- Born: John Joseph McGivern November 16, 1954 (age 71) Milwaukee, Wisconsin
- Education: St. Lawrence Seminary
- Occupation: Actor
- Partner: Steve Brandt

= John McGivern =

American actor and writer (born 1954)

John McGivern (born in Milwaukee, Wisconsin) is an American actor and writer, known for playing Bruce McIntosh in the Disney film The Princess Diaries and many commercials for companies such as Kohl's department store, Sears, and Philadelphia Cream Cheese. He is a graduate of St. Lawrence Seminary, in Mount Calvary, WI.

In 2010 he received an Emmy Award for Outstanding Achievement for Individual Excellence On Camera: Programming - Performer in the Chicago/Midwest region.

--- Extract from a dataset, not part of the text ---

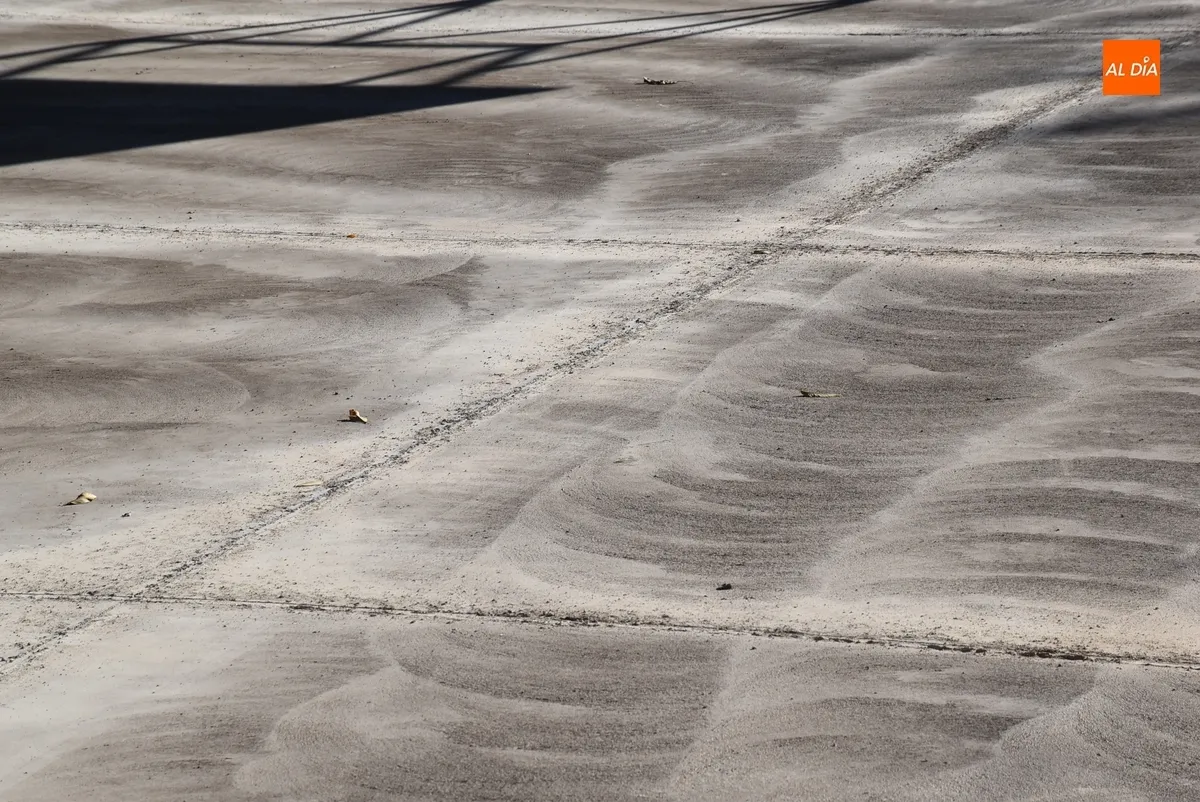Foto 4 - Remozada la pista de baloncesto del patio del Colegio San Francisco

As a playwright, his work includes Shear Madness, a comedic murder mystery with audience participation elements, and several one-man monologue shows. He performed at the inaugural We're Funny That Way! comedy festival in 1997, and appeared in the festival's documentary film in 1998.

He is also the host of Around the Corner with John McGivern, a Milwaukee PBS series in which he visits and profiles various communities throughout Wisconsin.
He is also the host of John McGivern's Main Streets, a PBS Wisconsin series in which he visits and profiles various communities throughout the Midwest.